Когда я вернулся в камеру, началась одна из самых тяжелых моих недель в Бутырке. После того как я объявил И., что не готов договариваться по антенне, поскольку, по моей информации, этапов в нужную мне сторону в Бутырке нет, а значит, не может быть 100-процентной гарантии исполнения договоренностей, наши отношения резко накалились. И. заявил о возможности остановки в Бутырке «воровского хода», если антенна не будет установлена — со всеми вытекающими для меня последствиями. И. в итоге признал, что никаких гарантий мне дать не может — и перешел к другой тактике «диалога». Он стал пытаться делать мне замечания и внушения по мелким бытовым вопросам, причем нарочито громко и оскорбительно. Я отвечал ему максимально корректно и сдержанно, что заводило его еще больше. В результате он не придумал ничего лучшего, как прибегнуть к последнему аргументу: схватил алюминиевую тарелку и попытался ударить меня по голове. С учетом того, что И. ростом мне по плечо, это выглядело не бог весть как угрожающе, а главное, мой ответный удар мог его покалечить — или, во всяком случае, повредить его очки. В результате намерения нас обоих так и остались намерениями: нас окружили со всех сторон и разняли. Братежня И. в этой стычке не поддержала. Хотя мы разошлись по разным углам, как боксеры на ринге, обстановка продолжала оставаться накаленной и настигла высшей степени накала в понедельник утром, после визита И. к одному из руководителей тюрьмы. Он рассказал И., что в субботу в Бутырку приезжал начальник управления по Москве, и что ему известно о ряде нарушений в тюрьме, в том числе о желании установить антенну за мой счет в обмен на интересующую меня зону. По возвращении И. был вне себя от ярости. Ярость его могла вылиться в очередную стычку, но офицер, который в свое время помог мне отбиться от мвдэшных оперов, лично зашел за И. и увел его для беседы, по возвращении с которой И. переключил свою агрессию на своего же, на сокамерника из братежни, который чуть было не умер предыдущей ночью от передоза — если б помер, мог бы поставить крест на отработанных И. каналах поставки в тюрьму наркотиков.

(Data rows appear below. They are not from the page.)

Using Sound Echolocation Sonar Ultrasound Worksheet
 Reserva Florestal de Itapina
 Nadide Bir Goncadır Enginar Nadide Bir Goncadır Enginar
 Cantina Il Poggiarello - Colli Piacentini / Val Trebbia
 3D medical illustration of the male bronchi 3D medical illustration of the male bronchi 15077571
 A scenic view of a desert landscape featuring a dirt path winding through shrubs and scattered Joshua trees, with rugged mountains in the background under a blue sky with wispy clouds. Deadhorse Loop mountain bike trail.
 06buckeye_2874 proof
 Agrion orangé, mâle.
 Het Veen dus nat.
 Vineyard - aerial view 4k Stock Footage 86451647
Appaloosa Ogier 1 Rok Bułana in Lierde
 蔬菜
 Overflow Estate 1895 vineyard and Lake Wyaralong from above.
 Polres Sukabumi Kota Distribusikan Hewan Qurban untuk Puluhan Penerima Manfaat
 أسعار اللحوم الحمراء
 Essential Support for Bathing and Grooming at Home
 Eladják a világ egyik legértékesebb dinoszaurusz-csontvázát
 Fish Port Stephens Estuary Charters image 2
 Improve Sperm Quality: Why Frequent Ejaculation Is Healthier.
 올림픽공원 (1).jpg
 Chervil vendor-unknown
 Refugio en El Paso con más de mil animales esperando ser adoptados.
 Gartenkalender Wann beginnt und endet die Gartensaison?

В четверг вечером меня перевели обратно на Большой Спец в четырехместную камеру, где меня уже встречал мой единственный сокамерник С.С. Его тоже перевели в эту камеру в один день со мной. Последние 15 суток С.С. провел в карцере. Раньше я виделся с С.С. и был с ним знаком, встречал его несколько раз в храме. Благодаря тому, что С.С. заехал в камеру на несколько часов раньше меня, он уже сумел наладить максимально комфортные для тюрьмы условия: нам включили горячую воду, поставили душ и современный двойной светильник с очень хорошими лампами. Света получилось гораздо больше, чем в предыдущей камере. В общем, по сравнению с общей камерой, здесь санаторий. Единственный минус — ни у меня, ни у него не осталось телефона, и нам по этому поводу светит особое, пристальное внимание: теперь для нас обоих наличие телефона — это прямая дорога в карцер. К тому же понятно, что если у нас найдут аппарат, мы окажемся не потерпевшими от милицейского произвола, а вроде уже и сами правонарушители.